─── Available data ───

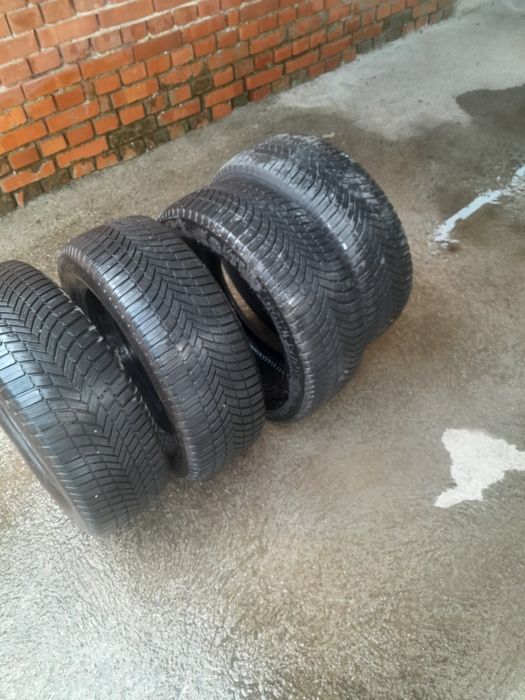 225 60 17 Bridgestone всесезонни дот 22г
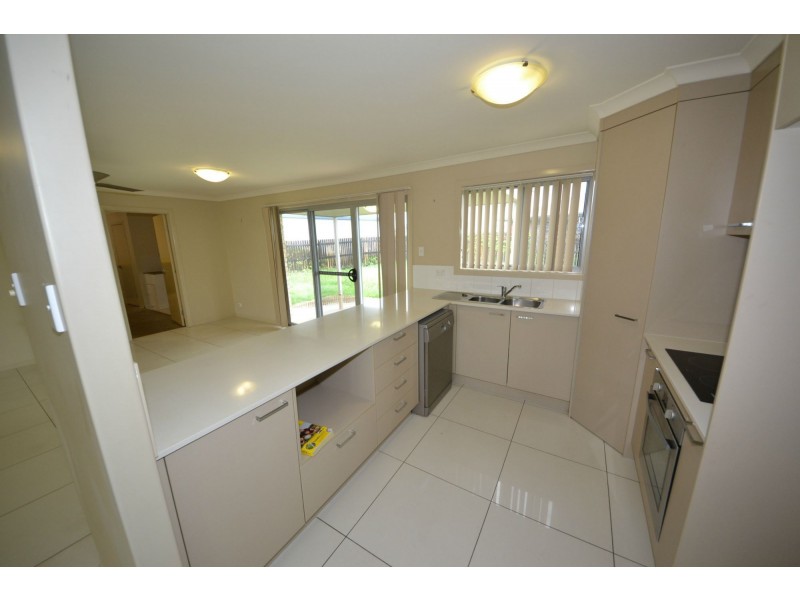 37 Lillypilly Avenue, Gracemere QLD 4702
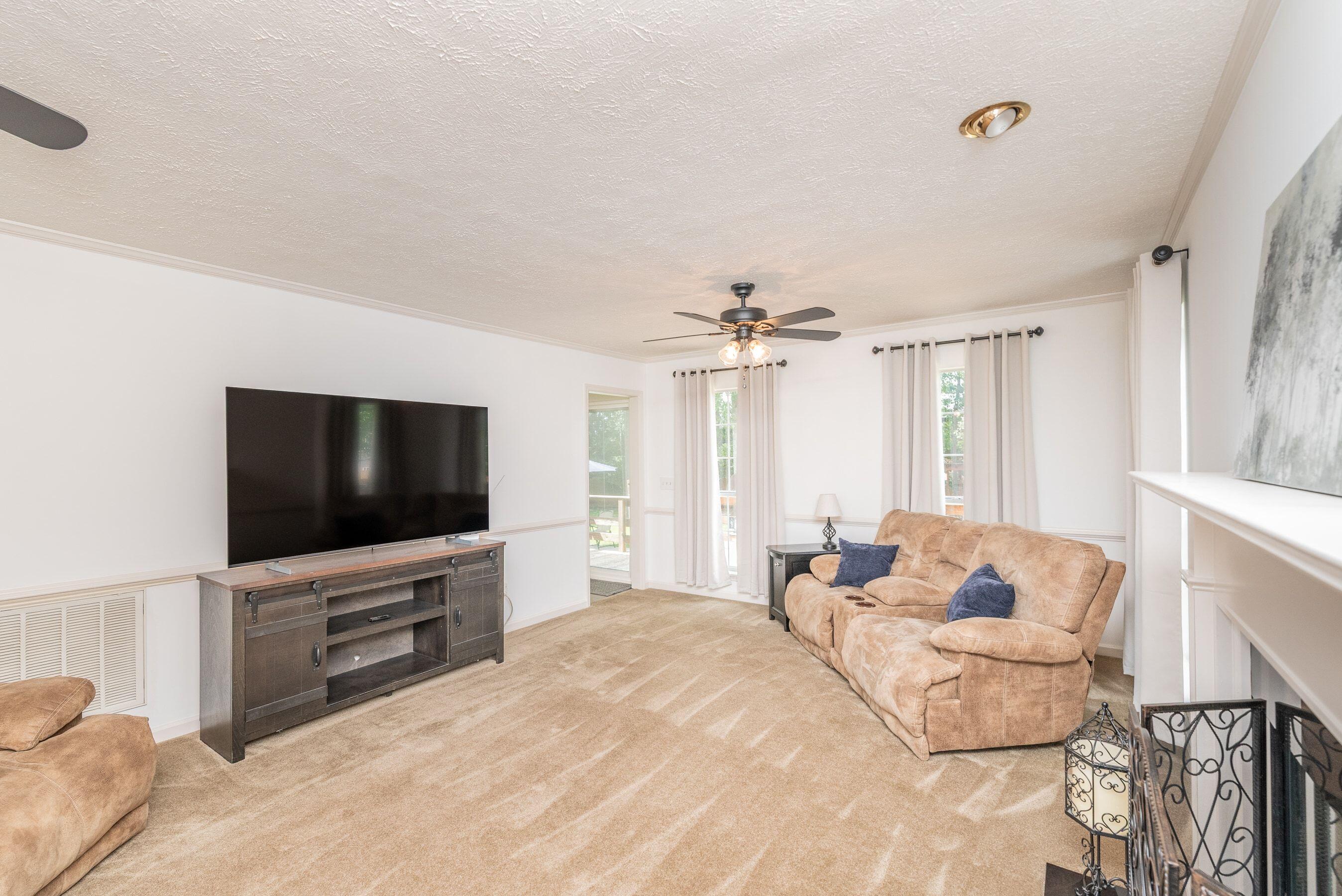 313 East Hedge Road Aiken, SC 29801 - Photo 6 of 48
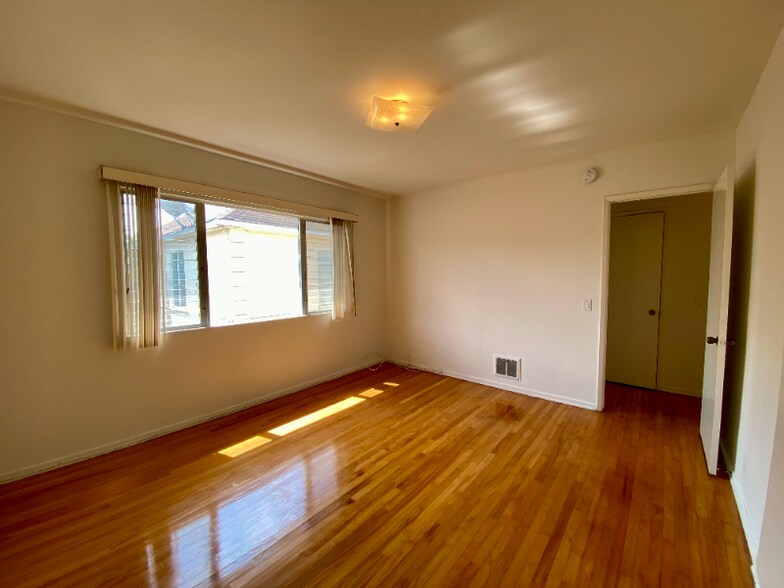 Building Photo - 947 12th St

───

### [Exercise description]
The reply must hold every line above exactly as written and none of the pictures.

### [Expected answer]
 225 60 17 Bridgestone всесезонни дот 22г
 37 Lillypilly Avenue, Gracemere QLD 4702
 313 East Hedge Road Aiken, SC 29801 - Photo 6 of 48
 Building Photo - 947 12th St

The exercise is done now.